Content starts
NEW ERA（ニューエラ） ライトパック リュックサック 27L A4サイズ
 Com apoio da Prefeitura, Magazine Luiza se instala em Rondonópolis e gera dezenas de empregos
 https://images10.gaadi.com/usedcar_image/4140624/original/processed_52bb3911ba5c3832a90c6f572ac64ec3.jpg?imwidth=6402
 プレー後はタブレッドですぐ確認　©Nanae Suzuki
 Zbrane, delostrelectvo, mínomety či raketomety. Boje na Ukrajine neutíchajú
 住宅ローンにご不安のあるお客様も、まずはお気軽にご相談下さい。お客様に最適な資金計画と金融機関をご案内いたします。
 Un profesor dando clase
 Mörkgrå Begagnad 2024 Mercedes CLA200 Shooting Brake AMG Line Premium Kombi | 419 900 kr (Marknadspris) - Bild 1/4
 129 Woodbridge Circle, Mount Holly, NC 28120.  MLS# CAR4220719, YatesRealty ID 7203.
Content ends
▸ **Your assignment**
Provide a faithful, complete copy of the entries above.

▸ **Response**
NEW ERA（ニューエラ） ライトパック リュックサック 27L A4サイズ
 Com apoio da Prefeitura, Magazine Luiza se instala em Rondonópolis e gera dezenas de empregos
 https://images10.gaadi.com/usedcar_image/4140624/original/processed_52bb3911ba5c3832a90c6f572ac64ec3.jpg?imwidth=6402
 プレー後はタブレッドですぐ確認　©Nanae Suzuki
 Zbrane, delostrelectvo, mínomety či raketomety. Boje na Ukrajine neutíchajú
 住宅ローンにご不安のあるお客様も、まずはお気軽にご相談下さい。お客様に最適な資金計画と金融機関をご案内いたします。
 Un profesor dando clase
 Mörkgrå Begagnad 2024 Mercedes CLA200 Shooting Brake AMG Line Premium Kombi | 419 900 kr (Marknadspris) - Bild 1/4
 129 Woodbridge Circle, Mount Holly, NC 28120.  MLS# CAR4220719, YatesRealty ID 7203.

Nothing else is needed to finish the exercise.